Io mi auguro di non avere nessun ruolo e di non essere nessun tipo di riferimento. La cosa sana sarebbe che i ragazzini di vent’anni oggi mi odiassero, odiassero i Sikitikis e dicessero che facciamo solo merda! Perché se non succede questo vuol dire che c’è qualcosa che non va. Noi siamo un gruppo di quarantenni, facciamo il nostro con grande onestà, ma quello che sta succedendo oggi nella musica ai ragazzi di vent’anni è già un’altra roba, e di quello che facciamo noi non gliene frega niente, te lo posso garantire. Mi fa piacere quando qualcuno mi chiede come si fa a fare questo di mestiere, questa è la cosa più difficile, quello vale per tutti a prescindere dalle generazioni. Per fare questo mestiere bisogna non mettersi in piano b. Basta. Questa è l’unica cosa che si deve fare. E mi piace sempre parlare di quest’argomento con i miei colleghi più giovani.

A questo proposito in un’intervista avevi citato una frase di Pina Bausch “Non è come ti muovi, ma cosa ti muove”.

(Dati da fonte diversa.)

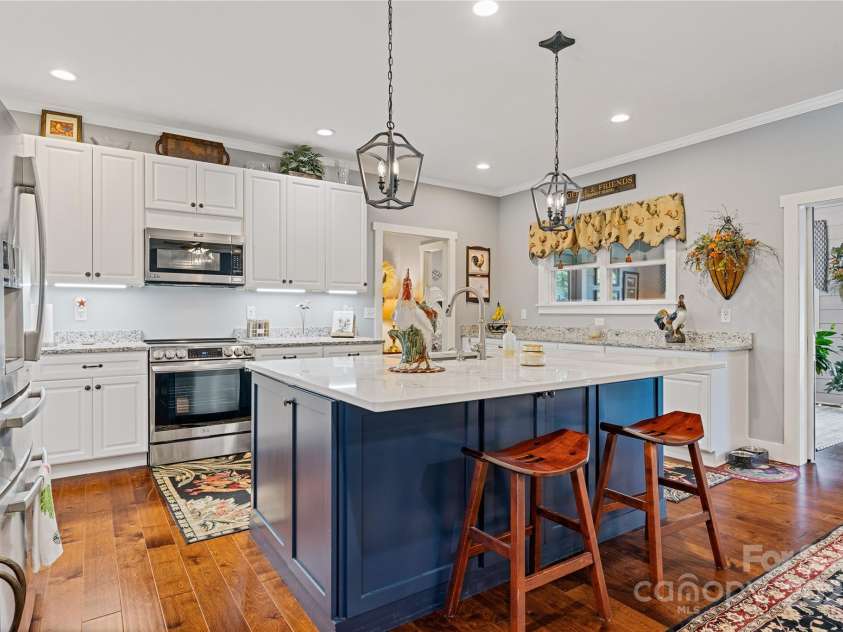 156 Olivet Lane, Fletcher, NC 28732.  MLS# CAR4272204, YatesRealty ID 21590. Looking towards the kitchen and seeing the seating area on the island.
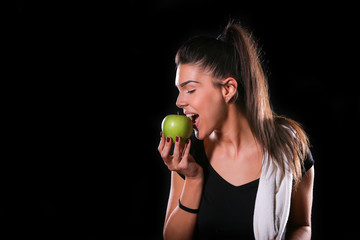 young fitness model eat an apple on black background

Quella frase è straordinaria. La mia ex moglie, la madre di mio figlio, è una coreografa di danza classica, ed è stata una ballerina della Scala, ed è lei che mi ha fatto conoscere Pina Bausch. Pina Bausch poteva fare qualsiasi cosa, essere qualsiasi cosa, essere una grande scrittrice, una grande musicista, qualsiasi cosa avrebbe scelto per esprimere la sua urgenza di raccontarsi sarebbe stata grandiosa. Devo dire che quella frase è reale come poche cose al mondo, vale per tutto assolutamente.

Oltre ai concerti, l’impegno della riedizione di “Abbiamo perso”, in che cosa sei impegnato adesso?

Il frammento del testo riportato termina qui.